NC-09: Republican candidate, Democrat donor

 

Leigh Brown is  an interesting character.  She’s part of the gaggle of Republicans seeking the GOP nomination in the Ninth Congressional District.  She’s getting a lot of publicity for all the money a national realtor PAC is investing in her.  But is there more to her story?

 

We say, YES. 

 

Let’s review:

 

Exhibit 1:  Brown kicked off  a bizarre, very short-lived campaign for governor in 2012.  She attempted to get on the ballot as an “independent.”  It’s not clear why the campaign never completely came to fruition.  Perhaps it was that simply nobody cared.

 

Exhibit 2:  After the aborted “independent” run for governor, Brown was publicly identifying herself as a “DemoPublicanRepubliCrat”.  O-Kay. 

 

 

Exhibit 3:  In 2014, she filed to primary conservative stalwart and state Rep. Larry Pittman.   Brown appeared to have a poor grasp on the action on Jones Street: 

 

[…] Brown, who owns the Harrisburg real estate company Leigh Brown & Associates, said she is fed up with legislation coming out of Raleigh that she feels is hampering teachers.

 

“I am not a politician by trade. With that being said I am putting my pearls in the ring, primarily because I’ve got two children in public schools and I am very, very concerned about what’s happening to public education,” Brown said.

 

“What’s coming down on the local schools is coming from the legislative level, so I am not going to sit back and fuss about it,” she said. “I will go do everything I can to help get the ship righted.”

 

The filing period is Feb. 10-28. The primary election is set for May 6, with the general election on Nov. 4.

 

Brown, 39, is challenging Pittman, who was appointed in October 2011 and ran unopposed in 2012 after defeating former Cabarrus County commissioner Jay White in the primary.

 

N.C. House District 82 seat covers most of western Cabarrus, including part of south Concord.

 

“This is not about Pittman, this is about me,” Brown said. “This is about the fact that I’m a citizen and I’ve got a voice, and I don’t think we should be as concerned with people’s background in politics as much as we should be concerned about having a broad array of different kinds of people in the legislature, different genders and ages, and cultural backgrounds and business backgrounds and family makeup, so that you have people represented in many different ways.

 

“And I for one don’t feel the legislature really looks like me.

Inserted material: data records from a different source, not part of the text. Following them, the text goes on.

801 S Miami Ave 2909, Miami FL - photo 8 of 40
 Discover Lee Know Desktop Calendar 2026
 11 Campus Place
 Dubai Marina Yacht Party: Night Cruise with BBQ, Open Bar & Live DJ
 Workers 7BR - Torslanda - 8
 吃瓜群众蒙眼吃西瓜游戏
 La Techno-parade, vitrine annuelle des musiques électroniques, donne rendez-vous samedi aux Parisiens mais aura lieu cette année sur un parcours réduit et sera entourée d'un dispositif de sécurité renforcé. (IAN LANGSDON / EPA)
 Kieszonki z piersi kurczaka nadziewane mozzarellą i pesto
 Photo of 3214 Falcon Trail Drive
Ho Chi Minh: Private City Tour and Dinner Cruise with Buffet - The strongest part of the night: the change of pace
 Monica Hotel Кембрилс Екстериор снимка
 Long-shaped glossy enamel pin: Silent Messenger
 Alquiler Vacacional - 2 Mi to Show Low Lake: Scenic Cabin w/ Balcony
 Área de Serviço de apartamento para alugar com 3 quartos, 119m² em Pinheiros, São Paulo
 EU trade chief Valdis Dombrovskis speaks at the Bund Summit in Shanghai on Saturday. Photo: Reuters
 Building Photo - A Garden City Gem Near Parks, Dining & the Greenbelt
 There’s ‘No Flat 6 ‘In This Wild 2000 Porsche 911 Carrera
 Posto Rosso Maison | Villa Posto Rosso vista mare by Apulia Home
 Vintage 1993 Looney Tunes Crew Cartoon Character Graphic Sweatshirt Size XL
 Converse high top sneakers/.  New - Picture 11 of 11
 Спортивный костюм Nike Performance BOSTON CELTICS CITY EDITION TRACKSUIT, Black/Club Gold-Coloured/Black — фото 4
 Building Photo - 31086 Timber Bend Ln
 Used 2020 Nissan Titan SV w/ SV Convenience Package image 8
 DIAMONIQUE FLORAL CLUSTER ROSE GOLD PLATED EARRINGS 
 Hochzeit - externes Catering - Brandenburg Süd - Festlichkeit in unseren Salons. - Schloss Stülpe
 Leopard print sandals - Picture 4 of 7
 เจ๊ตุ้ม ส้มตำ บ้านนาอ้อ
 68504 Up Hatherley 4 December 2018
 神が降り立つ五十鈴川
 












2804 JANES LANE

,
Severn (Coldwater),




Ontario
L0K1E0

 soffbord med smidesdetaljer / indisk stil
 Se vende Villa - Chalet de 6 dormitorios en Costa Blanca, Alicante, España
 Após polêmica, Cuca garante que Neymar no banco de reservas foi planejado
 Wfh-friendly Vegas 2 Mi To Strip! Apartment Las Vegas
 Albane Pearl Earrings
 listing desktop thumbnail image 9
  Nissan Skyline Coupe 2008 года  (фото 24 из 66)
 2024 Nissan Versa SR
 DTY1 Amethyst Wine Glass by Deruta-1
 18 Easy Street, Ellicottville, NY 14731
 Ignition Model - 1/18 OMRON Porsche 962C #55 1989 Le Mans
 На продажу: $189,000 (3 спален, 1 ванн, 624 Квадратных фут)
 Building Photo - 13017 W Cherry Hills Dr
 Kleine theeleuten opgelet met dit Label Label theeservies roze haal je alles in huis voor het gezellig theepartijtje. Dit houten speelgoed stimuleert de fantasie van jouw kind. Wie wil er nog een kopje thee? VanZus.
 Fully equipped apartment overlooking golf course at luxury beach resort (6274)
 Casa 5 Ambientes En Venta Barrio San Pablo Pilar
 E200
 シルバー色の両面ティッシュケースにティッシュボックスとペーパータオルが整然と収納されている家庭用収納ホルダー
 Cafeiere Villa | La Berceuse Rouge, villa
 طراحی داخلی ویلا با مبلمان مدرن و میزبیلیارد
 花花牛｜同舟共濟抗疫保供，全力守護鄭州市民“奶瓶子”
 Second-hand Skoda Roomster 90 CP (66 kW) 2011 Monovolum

So if I’m not happy about that I have to go do something about it.”

 

Brown said she opposes some of the education legislation passed recently by the General Assembly, including the Read to Achieve program.

 

That program “is unnecessarily stressing out our third graders and our third-grade teachers and parents with threats of summer school and holding children back on a test that has not been vetted,” Brown said. “And we’ve got people in a panic. These children are 9 years old. They should be receiving a well-rounded education, not learning how to take some test that nobody really knows what it’s going to look like.”

 

Brown said the state is losing teachers because of education legislation coming out of Raleigh.

 

“It’s got to stop,” she said. […]

 

She was attacking a Republican majority at the time — using liberal talking points straight out of the NCAE playbook.    Thank goodness, she was unsuccessful in her assault on Mr. Pittman.

 

Fast forward to 2015.  Mrs. Brown made some curious campaign contributions:

 

That’s right.  US Rep. Joe Crowley (D-NY), who was then the chairman of the House Democrat Caucus.  #3 to Nancy Pelosi.  (The notorious AOC defeated him in a primary in 2018.)

 

That same year, Brown contributed to the campaign of then-insurance commissioner Wayne Goodwin — whose name has come up in connection with the current scandal engulfing the Department of Insurance and the NCGOP:

 

We found a selfie-video Brown produced on the day she filed for Congress this year where she described herself as “pretty fiscally conservative” and a “cheerful and kind person willing to find solutions and not throw stones.”

 

She then goes on to describe “affordable housing” as a top issue Congress needs to tackle.  (The last time they did that, we got the financial crisis of 2008.  NO THANK YOU.)

 

 

 

Leigh Brown is a great reminder of that famous warning:  BUYER, BEWARE.